What the task requires -
Starting from the line in which "L'HOMME ASSIS Sculpture, une" appears, set down each line exactly through the end of the listing, and nothing else. Leave out pictures.

Information supplied -
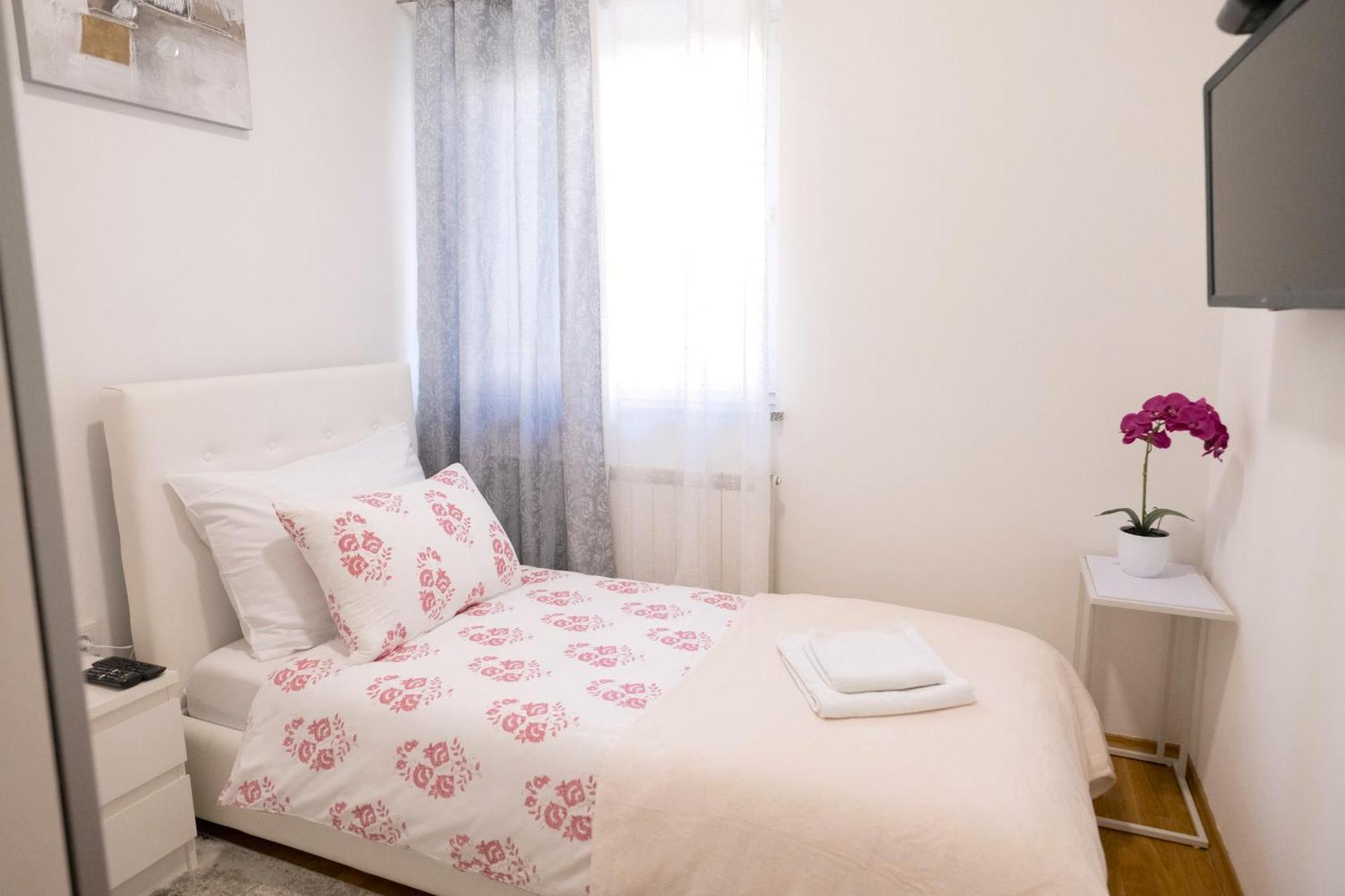 Apartment Km
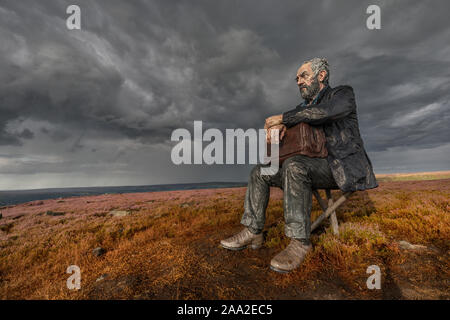 L'HOMME ASSIS Sculpture, une statue de trois mètres de hauteur situé sur le North York Moors entre Castleton et Westerdale créé par l'artiste Sean Henry, UK Banque D'Images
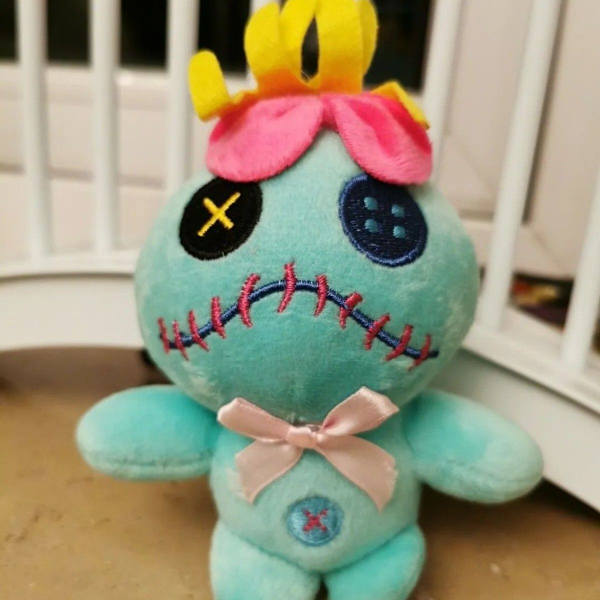 Scrumps - Lilo ja Stitch - Täytetty eläin - Anime - Pehmolelu - Riippuva - 10 cm - KLB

Result of the exercise -
 L'HOMME ASSIS Sculpture, une statue de trois mètres de hauteur situé sur le North York Moors entre Castleton et Westerdale créé par l'artiste Sean Henry, UK Banque D'Images
 Scrumps - Lilo ja Stitch - Täytetty eläin - Anime - Pehmolelu - Riippuva - 10 cm - KLB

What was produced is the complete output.